ただ、一般的にアルバイトはその雇用形態の性質上、どうしても他者に置き換え可能な単純作業が中心となってしまうという特徴はあります。そして転職市場における周りからもそういった評価をされがちです。したがって、一般的にはそこでの経験がその後に生きる可能性は低い、ということになるわけです。
「一般的に」と2回も書いたのは、多くのケースがそうである一方で、すべてそうかというと、そんなことはないからです。実際に私の友人知人でも、アルバイトや派遣社員から始めて正社員になったり、はたまた上場企業の幹部をしている人間も複数います。アルバイトとして採用された会社で頭角を現し、勤務先に請われて正社員になった、というケースが大半です。
このようなケースでは、雇用形態そのものはアルバイトという形ではあるものの、仕事内容は言われたことをこなすだけの機械的な作業の繰り返しではなく、自ら価値を創造するプロフェッショナル的仕事、という特徴があります。
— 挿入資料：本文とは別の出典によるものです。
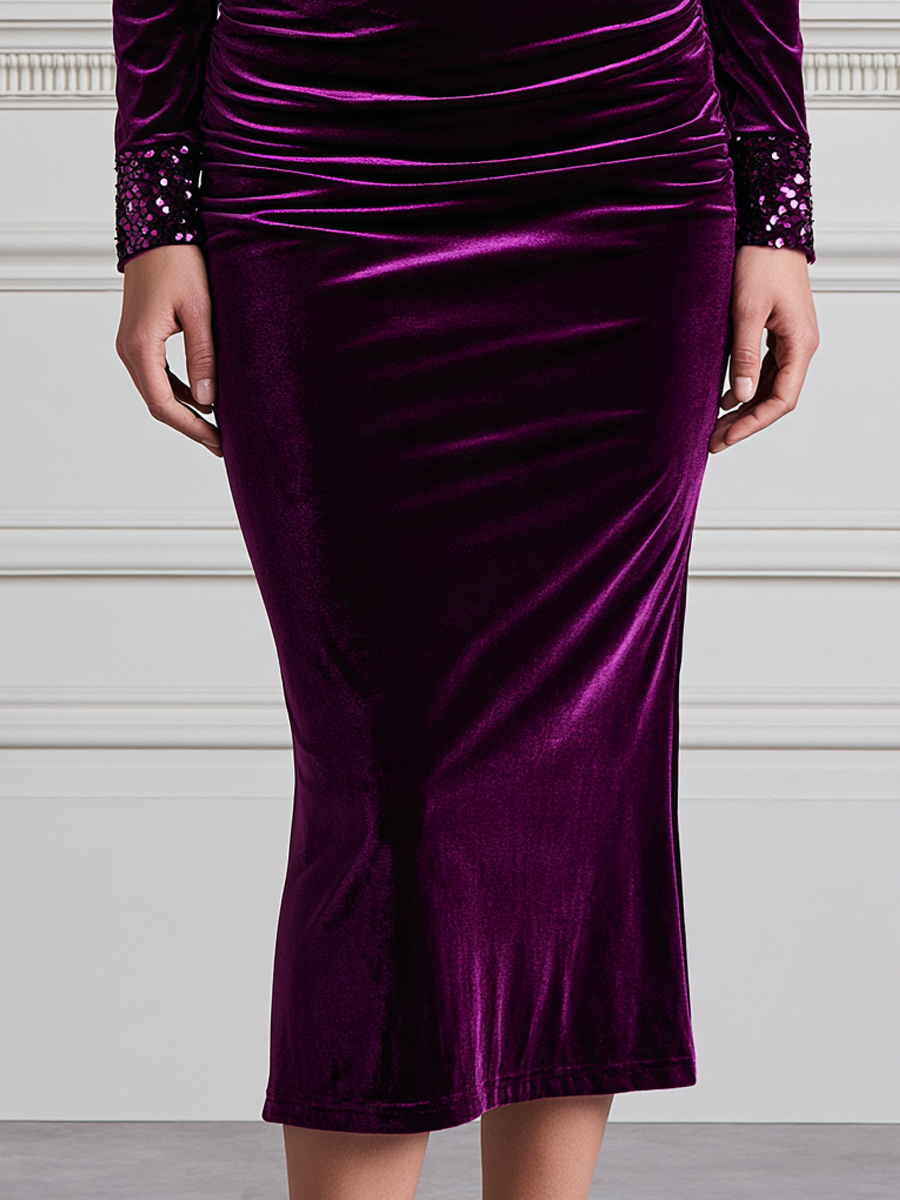 Sequin Square Neck Long Sleeve Ruched Velvet Midi Dress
そしてその対象となる分野はプログラミング系、運送系、飲食系、事務系と非常に幅広いです。
正社員登用の制度や前例があるかどうか
アルバイトから正社員に登用されるには当然ながら、
1.仕事内容的に、個人としてどこでも通用するような経験やスキルがその仕事を通じて学ぶことができるか否か
2.アルバイトであったとしても実力次第で正社員に登用する制度やカルチャー(またはそういった前例)のある会社であるか否か
という2つの軸の見極めが大切であることは、言うまでもありません。
ちなみに偶然にも先月、日経新聞「私の履歴書」にて連載をされていらした吉野家ホールディングスの安部修仁会長も、同社のアルバイト出身であることを明かされておりましたね。
反対に、正社員のケースではどうでしょうか。
正社員というステータスのみでもって、その後、転職できるかというとそんなことはまったくありません。むしろアルバイトや派遣社員のように自身の今後のキャリアに対する健全な危機意識を持っていないケースが多く、「その後」の備えやいわゆる何かあったときの対処手段であるプランBの検討すらしたことがない、という人が非常に多いです。